(Image-text web data)
· · · · ·

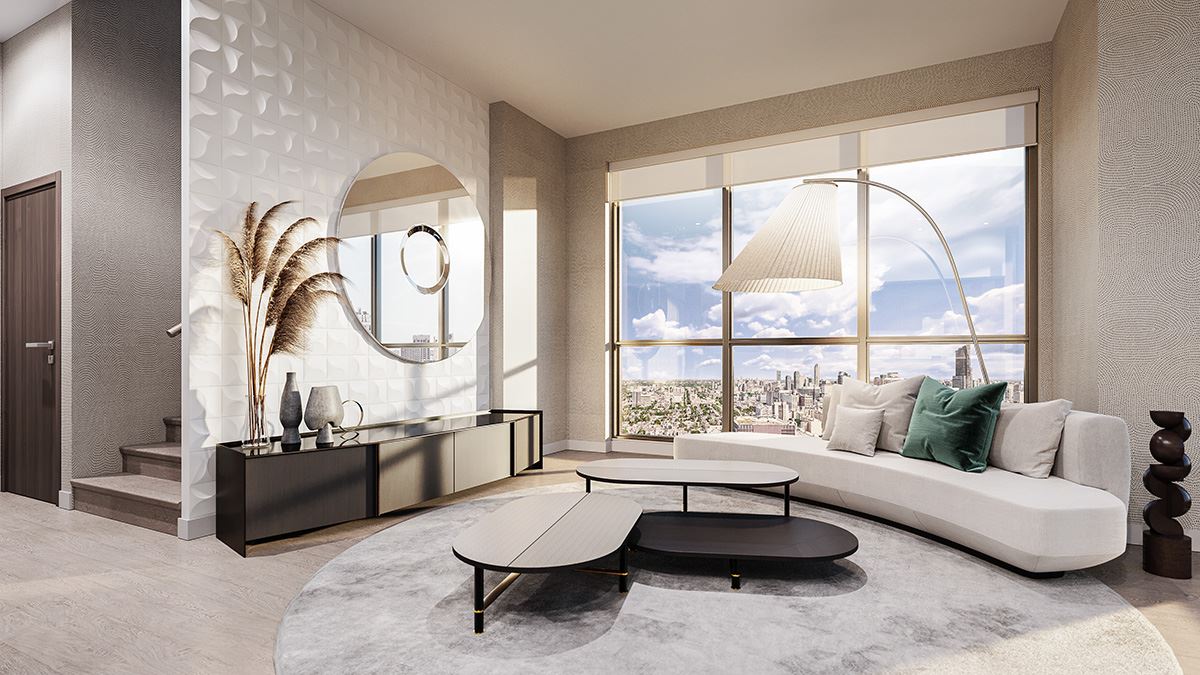 Central Condos in Toronto — rendering 9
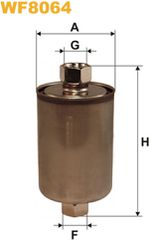 Wix Filters Φίλτρο Καυσίμου - WF8064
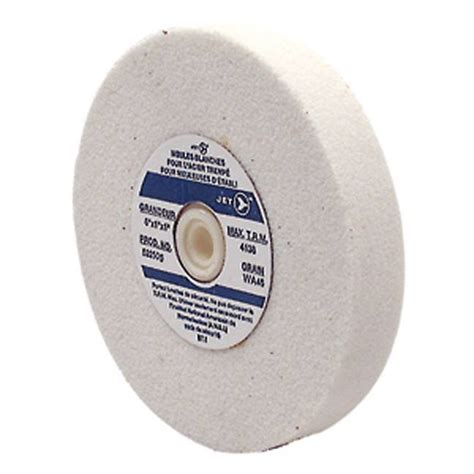 Norton White Aluminum Oxide Grinding Wheel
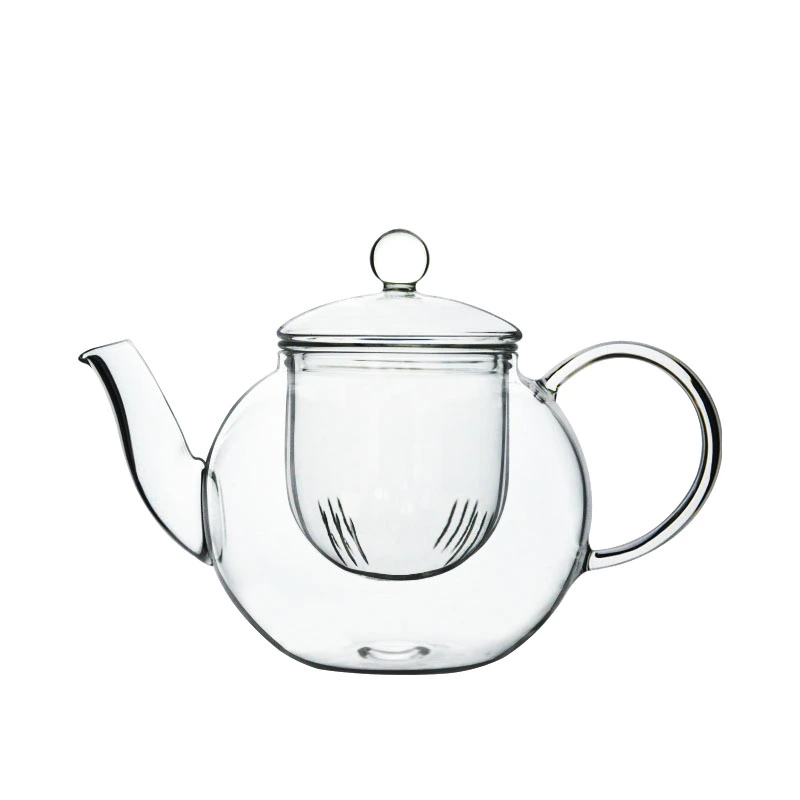 Borosilicate Round Teapot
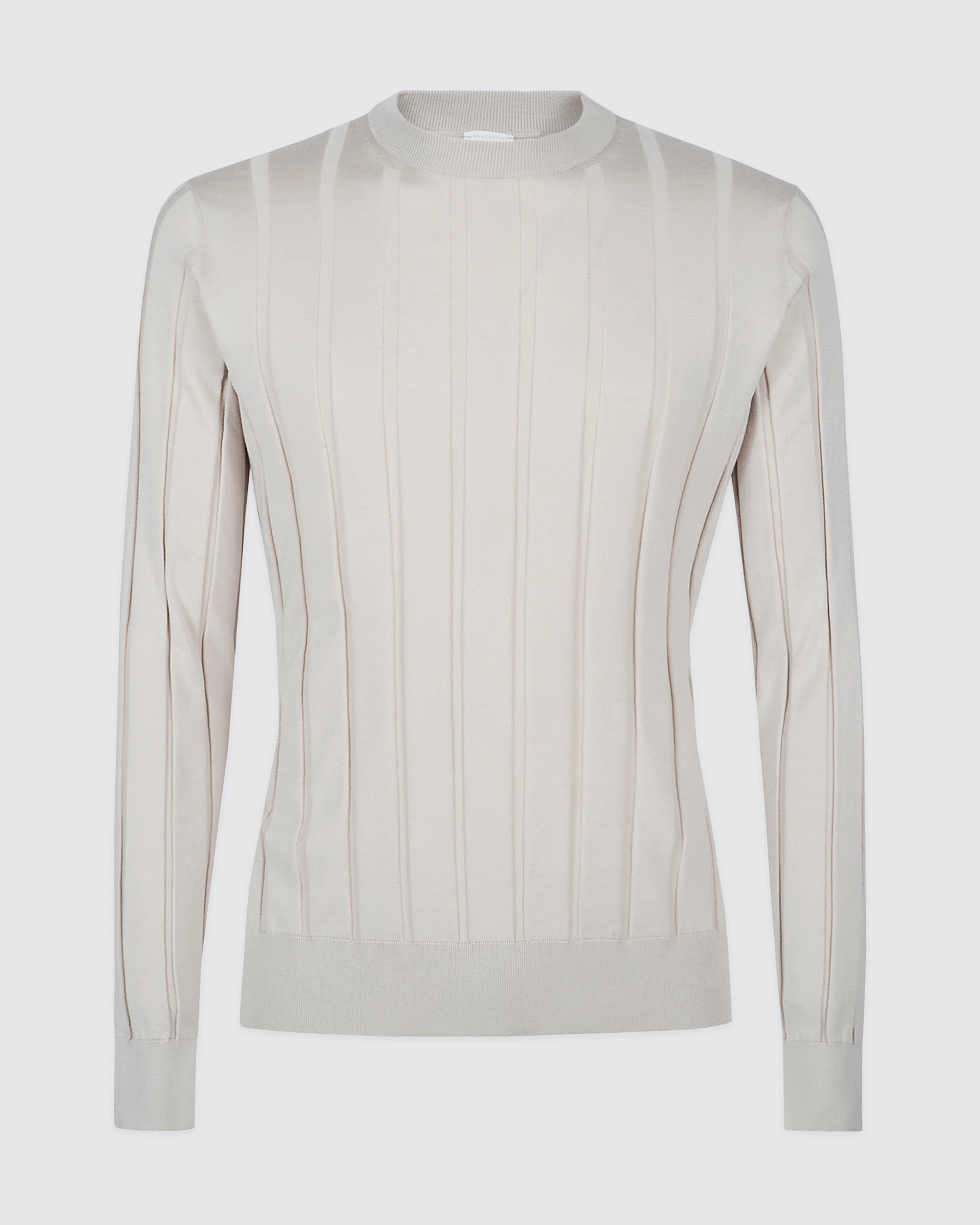 Maglia Girocollo in Cotone Seta e Cashmere - Image 5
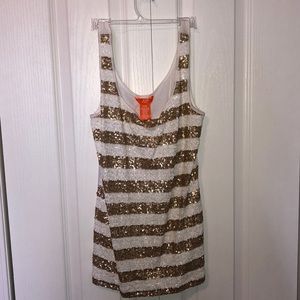 Sequin tank top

· · · · ·

» **WORK INSTRUCTION**:
The expected output is every entry, retyped exactly, with all pictures removed.

» **THE ANSWER**:
 Central Condos in Toronto — rendering 9
 Wix Filters Φίλτρο Καυσίμου - WF8064
 Norton White Aluminum Oxide Grinding Wheel
 Borosilicate Round Teapot
 Maglia Girocollo in Cotone Seta e Cashmere - Image 5
 Sequin tank top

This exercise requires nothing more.